The Securities and Exchange Commission (SEC) ordered a New York-based investment adviser and its principal to pay a total of $250,000 over their alleged failure to disclose misuse of profits raised from clients.

Matthew Bruderman and his firm, Bruderman Asset Management, agreed to cease and desist from further violations and a censure in reaching settlement, the SEC announced in a press release Tuesday.

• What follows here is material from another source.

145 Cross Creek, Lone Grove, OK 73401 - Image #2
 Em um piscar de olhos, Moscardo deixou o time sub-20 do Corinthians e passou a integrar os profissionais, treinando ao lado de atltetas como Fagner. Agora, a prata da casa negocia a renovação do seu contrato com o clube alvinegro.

The firm was also faulted for not implementing policies and procedures concerning disclosure of conflicts of interest.

The agency acknowledged remedial acts undertaken by the firm and Bruderman, including voluntarily repaying certain debts to clients totaling nearly $1.7 million.

The details: From at least February 2017 through August 2021, Bruderman Asset Management advised at least 13 clients to invest at least $6.1 million in three companies in which Bruderman had decision-making authority and ownership interests, the SEC alleged in its order.

The firm and Bruderman failed to disclose to the clients their investments would be temporarily used to fund payroll and repay loans, the SEC said.

“Full disclosure of conflicts of interest is a central safeguard for investors who place their trust in investment advisers,” said Sheldon Pollock, associate director of the SEC’s New York regional office. “Our program remains focused on ensuring that investment advisers make full and complete disclosures in order to increase investor confidence.”

The firm did not respond to a request for comment. It agreed to settle without admitting or denying the SEC’s findings.